Some of them are real. Many are not.
The pyramid mixes actual extractable ingredients with marketing constructs, fictional accords, and outright invented concepts, and it does so with no visual distinction between them. Understanding which is which changes how you read fragrance descriptions — and explains why certain "notes" appear in hundreds of different fragrances smelling completely different from one another, while others appear reliably the same.
Amber names nothing
Amber is the most consequential example. It appears in probably the majority of modern fragrances. It names no ingredient.
Fossilized amber — the prehistoric tree resin that traps insects and ends up in jewelry — has almost no perceptible smell.
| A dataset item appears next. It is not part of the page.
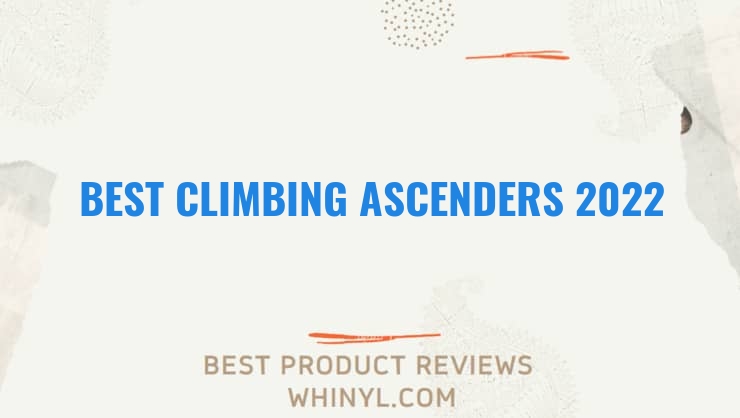 best climbing ascenders 2022 11552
Whatever aromatic compounds it once contained have long since volatilized or degraded. The perfume industry didn't take its cue from the resin. The word was borrowed from the color: the warm golden-brown tonality of certain resinous compositions in late 19th century perfumery, anchored by synthetic vanillin (newly synthesized at the time) alongside labdanum and benzoin. That accord was named amber because it looked amber-colored in the bottle and had a warm, ancient quality. The name stuck.
When a perfume lists "amber" as a note today, it means a combination of labdanum (a resin from Mediterranean cistus rock rose), benzoin (a tree wound resin with warm vanilla-caramel character), and vanilla — sometimes with tonka, styrax, or patchouli, sometimes with ambroxan (a synthetic molecule from the ambergris chemical family). Every house, every perfumer uses a slightly different interpretation of this accord. There is no single amber. There is only the concept of amber as a warm-resinous-sweet direction, executed differently by everyone who invokes it.
This is why "amber" in the base of a fragrance tells you almost nothing. It could mean deep, balsamic, animalistic. It could mean soft and clean and barely-there. The word is a category, not an ingredient.
Notes that point to no material
Orchid doesn't exist in perfumery as an extractable material either. Most orchid species have no significant scent, and those that do are too delicate or chemically unstable to yield usable perfumery-grade extracts. When a fragrance lists orchid, it means a synthetic accord designed to evoke what someone imagined orchid should smell like: typically something floral, soft, slightly sweet, slightly powdery. The "orchid note" varies enormously between products because there's no reference material. Every orchid accord is an interpretation of a phantom.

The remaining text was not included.